● **To do**: The needed output is the run of lines below from the one containing "Amsterdam 31 augustus 2013" through the one containing "Ruud en Aafke", copied exactly and free of pictures.

● **The data**:
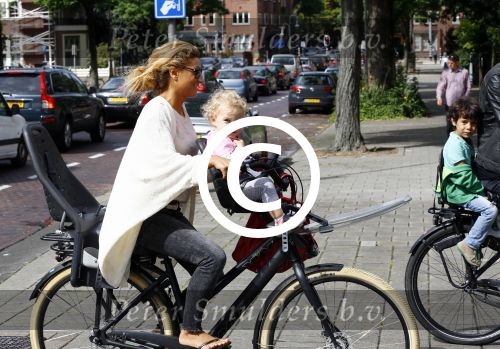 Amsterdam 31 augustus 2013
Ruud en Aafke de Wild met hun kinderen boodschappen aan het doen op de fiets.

==

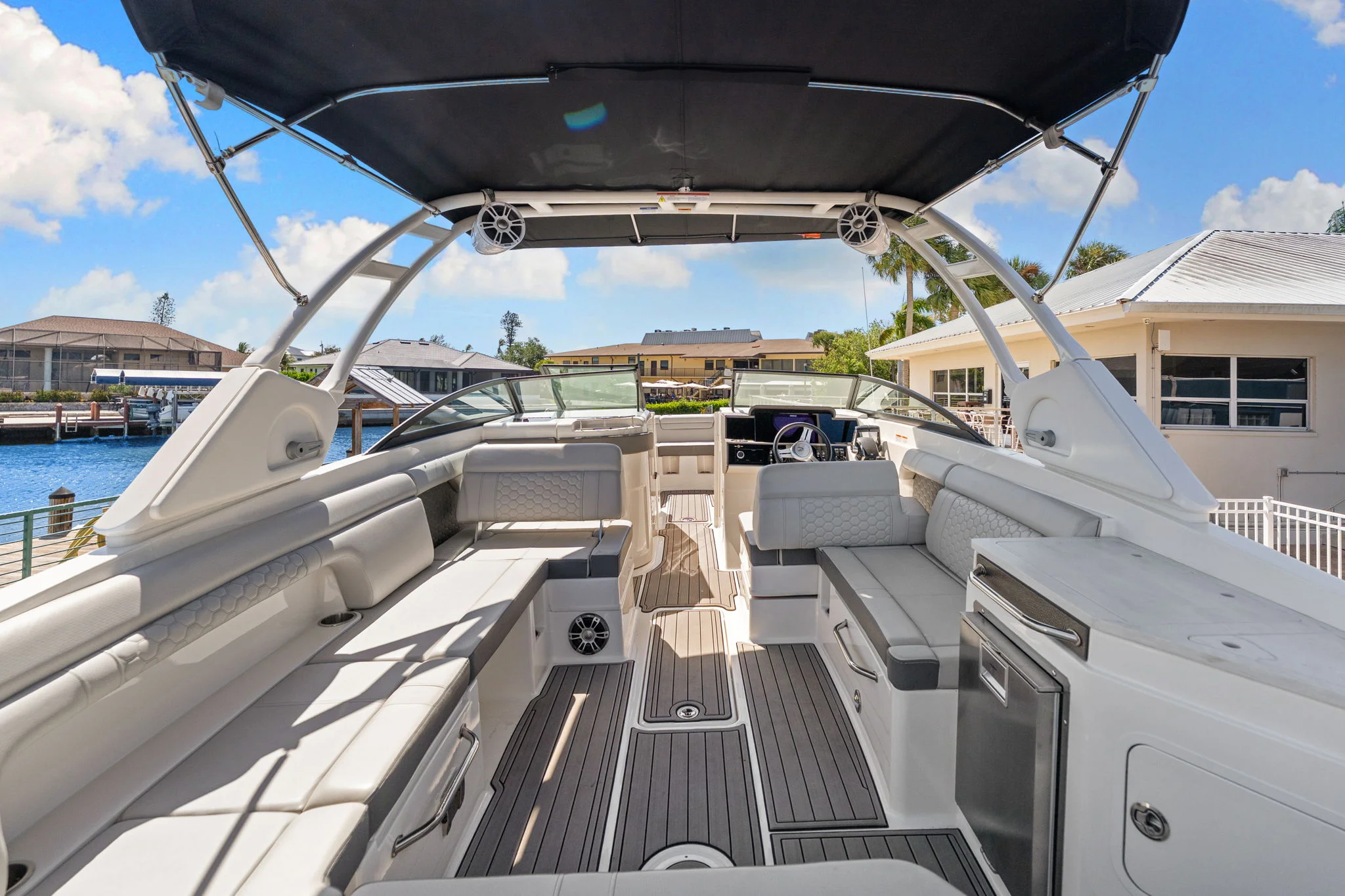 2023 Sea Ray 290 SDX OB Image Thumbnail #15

---

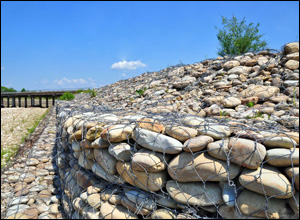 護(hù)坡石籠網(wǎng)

● **Expected output**:
 Amsterdam 31 augustus 2013
Ruud en Aafke de Wild met hun kinderen boodschappen aan het doen op de fiets.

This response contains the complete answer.